__Your goal__
Word for word, and with pictures excluded, copy out all the records that follow.

__Study material__

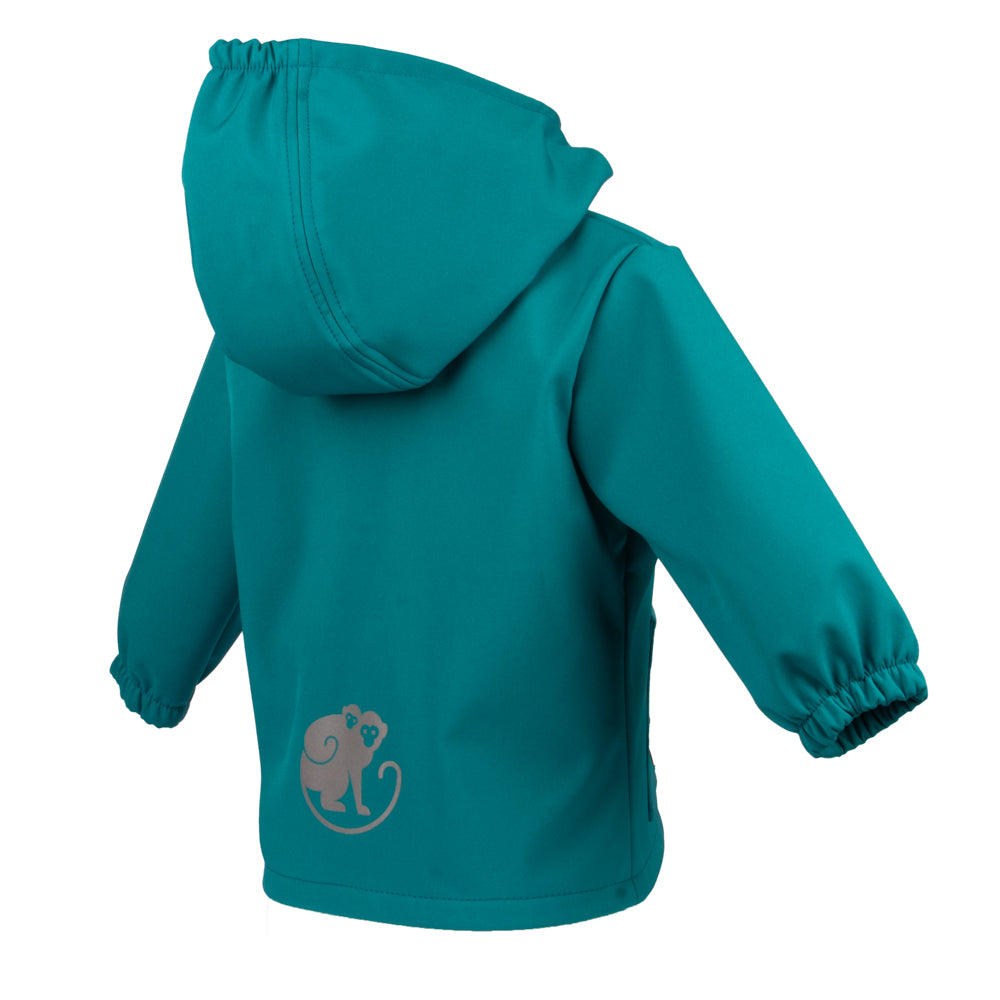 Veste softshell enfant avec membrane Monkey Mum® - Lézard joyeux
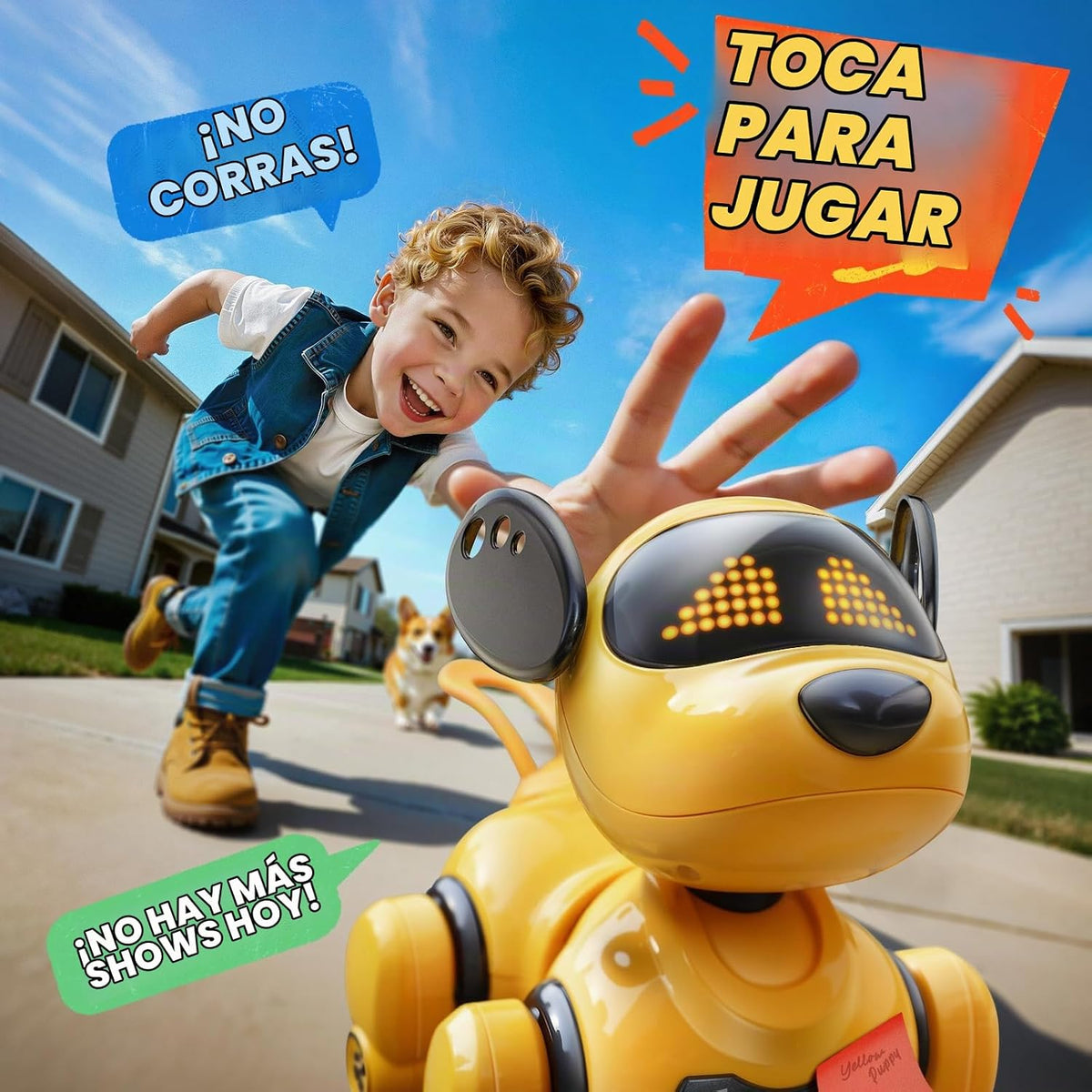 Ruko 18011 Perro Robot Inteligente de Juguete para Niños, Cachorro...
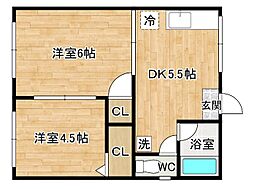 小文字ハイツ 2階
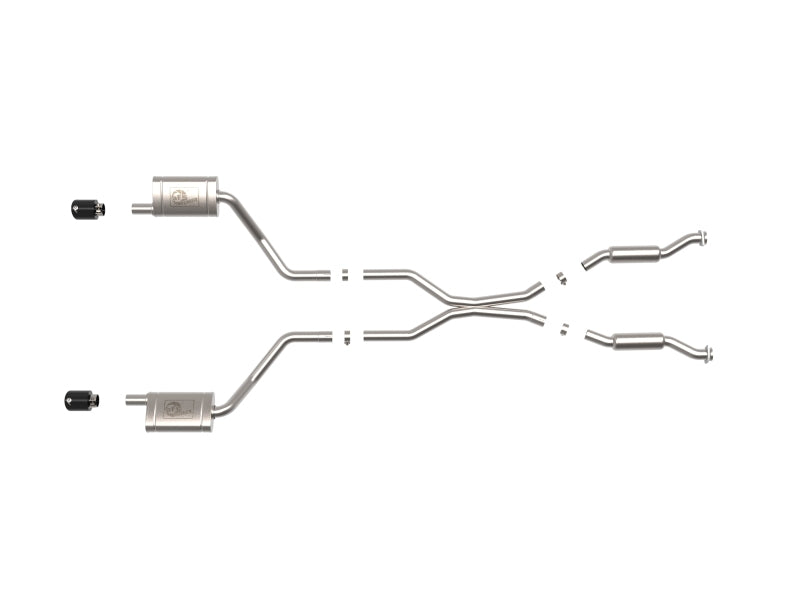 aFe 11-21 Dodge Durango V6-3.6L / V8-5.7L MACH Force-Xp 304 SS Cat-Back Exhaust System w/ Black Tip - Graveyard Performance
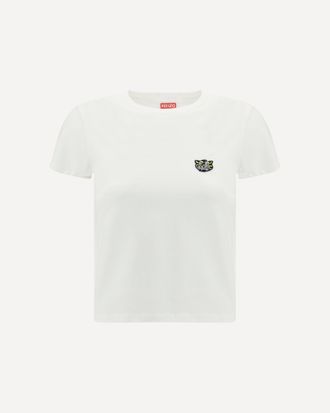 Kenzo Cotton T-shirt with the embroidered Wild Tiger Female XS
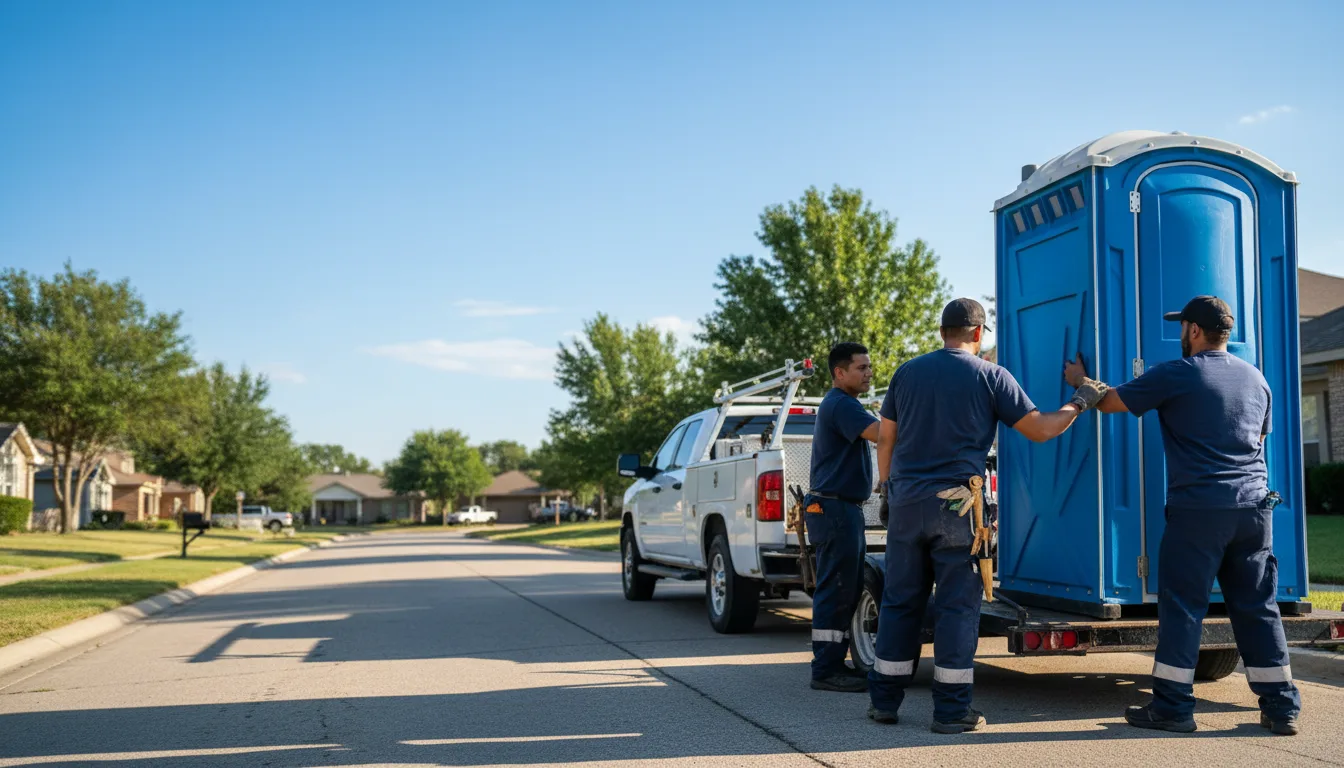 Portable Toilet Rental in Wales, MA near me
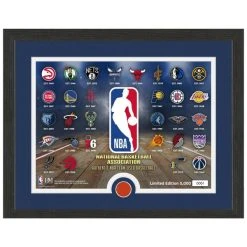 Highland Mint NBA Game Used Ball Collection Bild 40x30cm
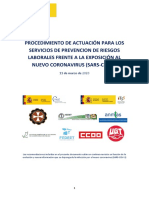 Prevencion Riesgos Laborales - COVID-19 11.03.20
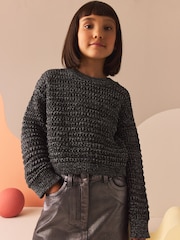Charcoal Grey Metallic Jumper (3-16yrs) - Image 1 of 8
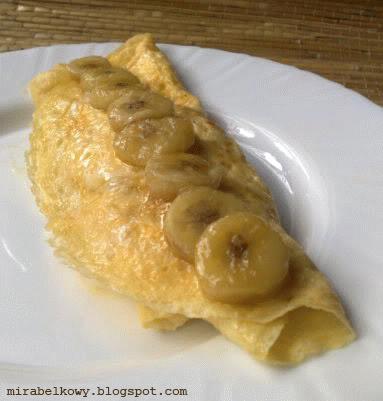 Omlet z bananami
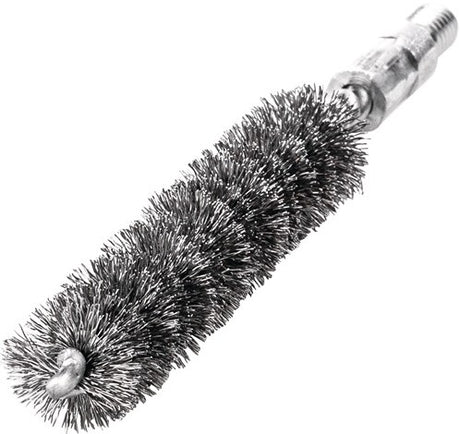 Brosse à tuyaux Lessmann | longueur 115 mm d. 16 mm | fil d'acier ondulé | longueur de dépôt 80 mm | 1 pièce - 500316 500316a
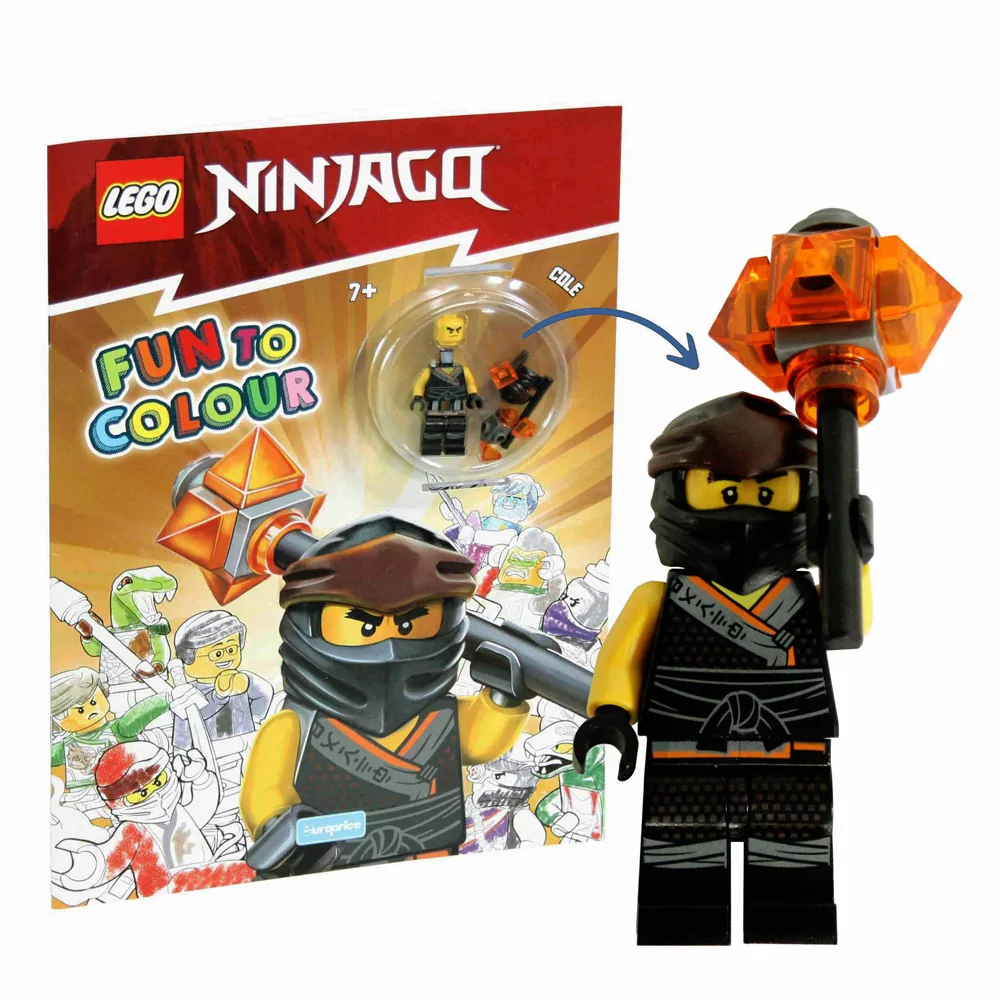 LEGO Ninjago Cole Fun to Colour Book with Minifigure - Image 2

__Solution__
 Veste softshell enfant avec membrane Monkey Mum® - Lézard joyeux
 Ruko 18011 Perro Robot Inteligente de Juguete para Niños, Cachorro...
 小文字ハイツ 2階
 aFe 11-21 Dodge Durango V6-3.6L / V8-5.7L MACH Force-Xp 304 SS Cat-Back Exhaust System w/ Black Tip - Graveyard Performance
 Kenzo Cotton T-shirt with the embroidered Wild Tiger Female XS
 Portable Toilet Rental in Wales, MA near me
 Highland Mint NBA Game Used Ball Collection Bild 40x30cm
 Prevencion Riesgos Laborales - COVID-19 11.03.20
Charcoal Grey Metallic Jumper (3-16yrs) - Image 1 of 8
 Omlet z bananami
 Brosse à tuyaux Lessmann | longueur 115 mm d. 16 mm | fil d'acier ondulé | longueur de dépôt 80 mm | 1 pièce - 500316 500316a
 LEGO Ninjago Cole Fun to Colour Book with Minifigure - Image 2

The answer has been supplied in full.